Required work:
Extract, in full, the lines below, beginning at the first and ending with the line that contains "370-000021 Παιδικό κρεβάτι". Pictures do not belong in the copy.

Pictures with short captions:
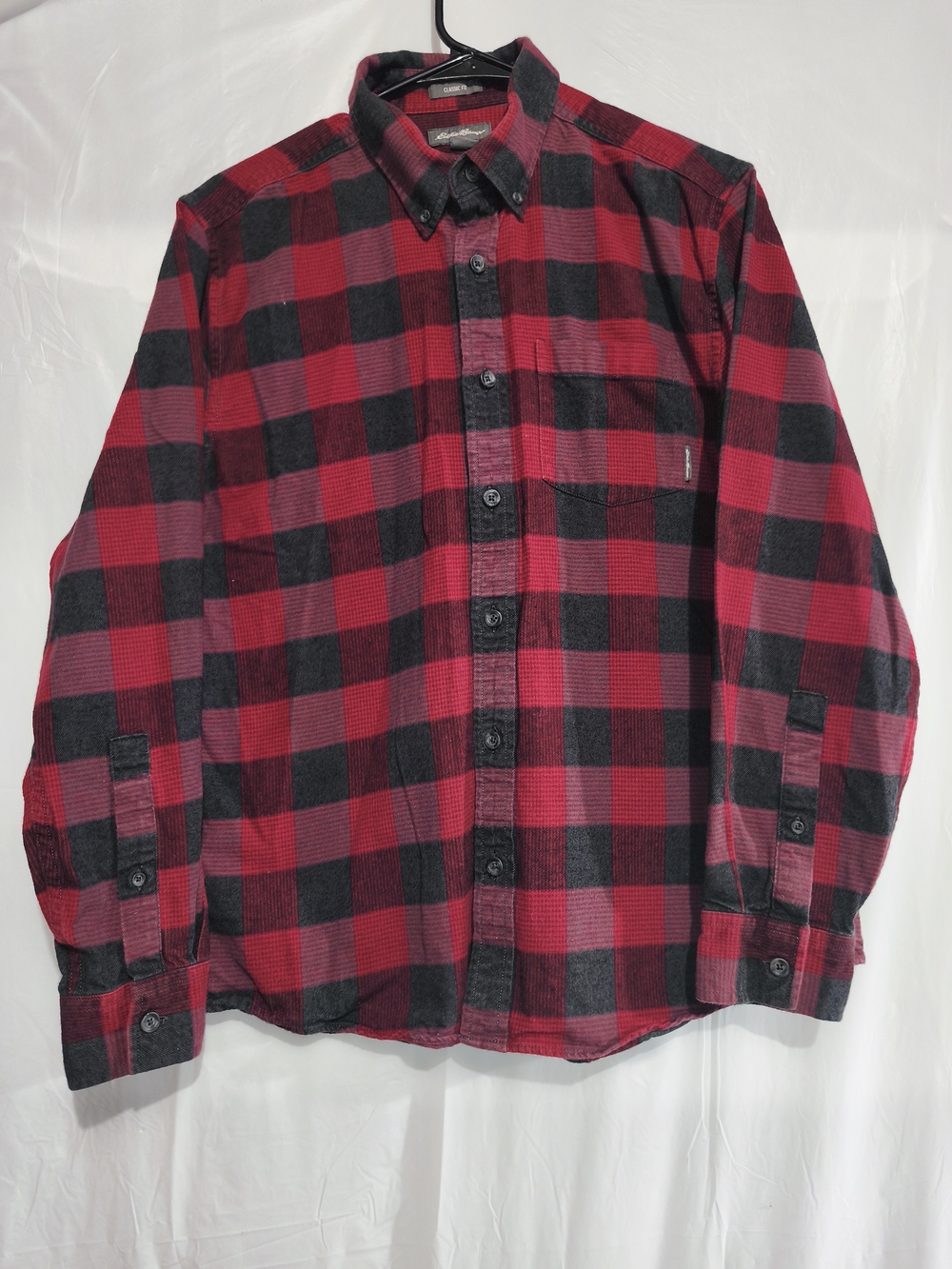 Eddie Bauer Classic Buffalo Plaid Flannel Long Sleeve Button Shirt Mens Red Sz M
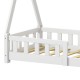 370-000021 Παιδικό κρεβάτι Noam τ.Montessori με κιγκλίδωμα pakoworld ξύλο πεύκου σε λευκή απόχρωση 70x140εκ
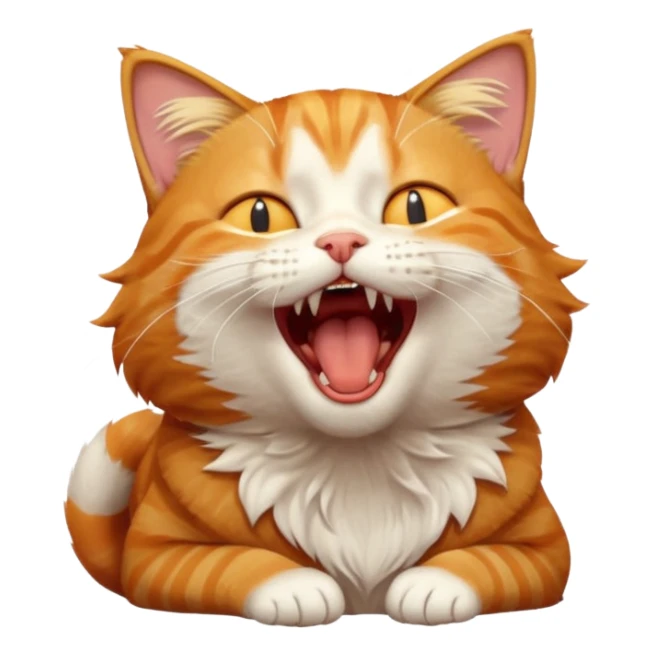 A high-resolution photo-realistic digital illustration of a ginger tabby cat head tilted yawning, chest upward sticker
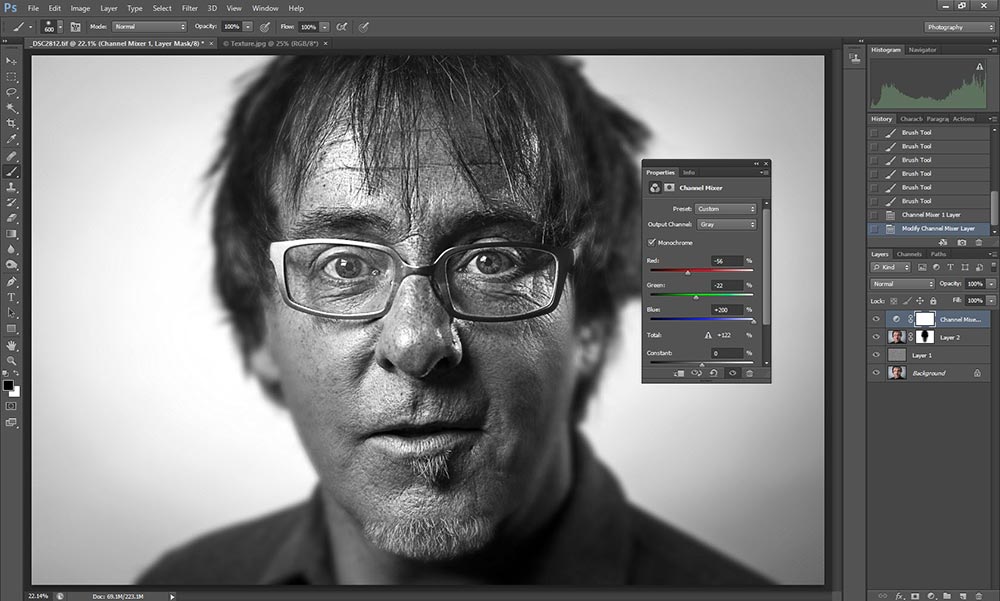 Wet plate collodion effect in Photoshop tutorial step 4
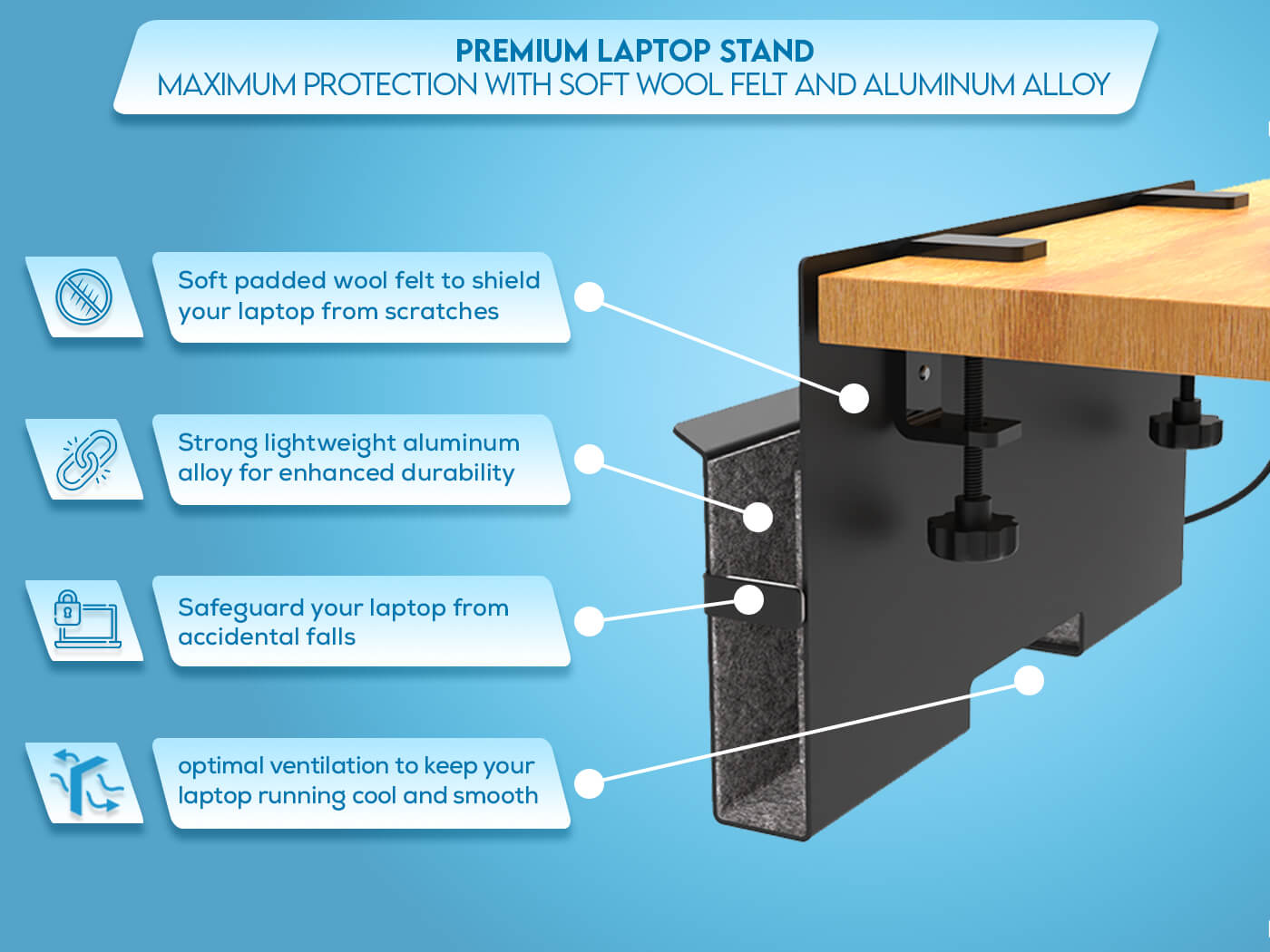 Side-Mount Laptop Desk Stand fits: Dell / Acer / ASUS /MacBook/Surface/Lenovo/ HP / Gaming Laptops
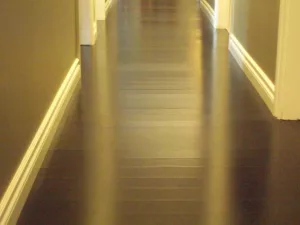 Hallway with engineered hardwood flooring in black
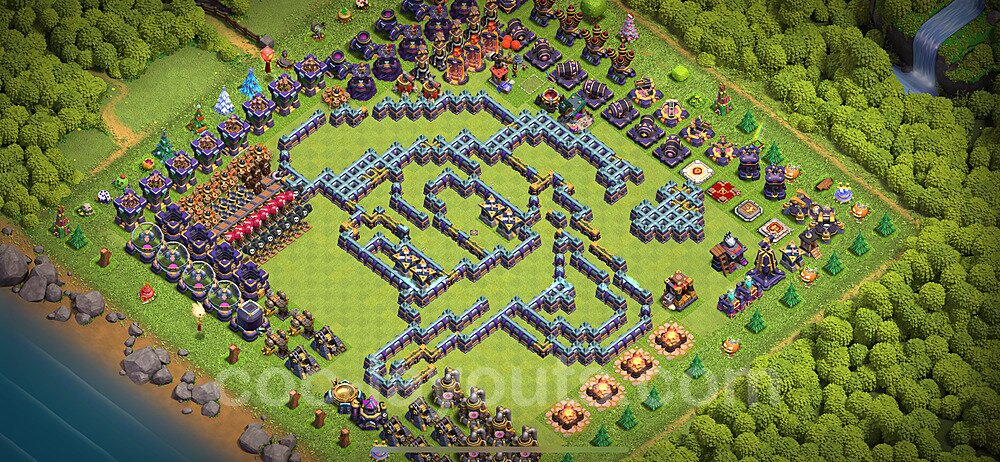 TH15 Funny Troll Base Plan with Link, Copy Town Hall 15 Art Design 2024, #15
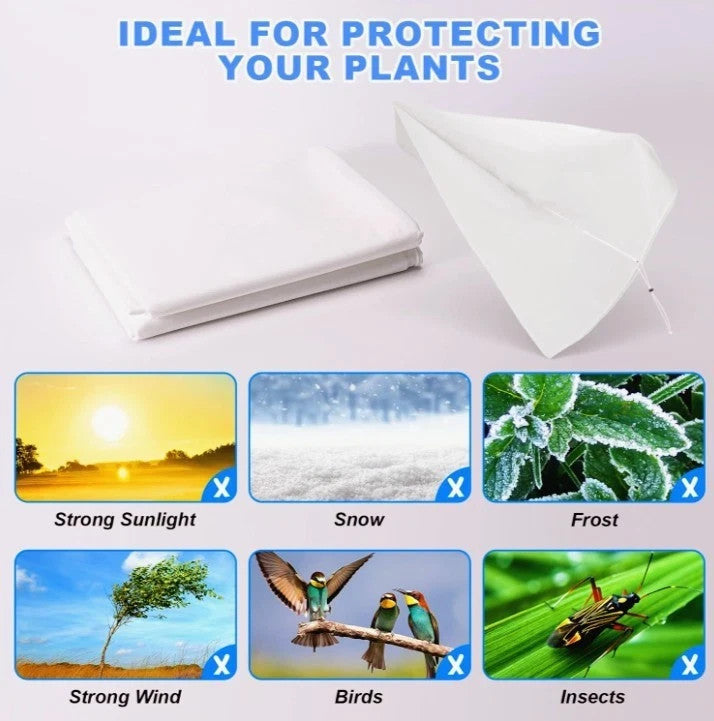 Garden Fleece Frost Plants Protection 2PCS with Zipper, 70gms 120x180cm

Result for this task:
 Eddie Bauer Classic Buffalo Plaid Flannel Long Sleeve Button Shirt Mens Red Sz M
 370-000021 Παιδικό κρεβάτι Noam τ.Montessori με κιγκλίδωμα pakoworld ξύλο πεύκου σε λευκή απόχρωση 70x140εκ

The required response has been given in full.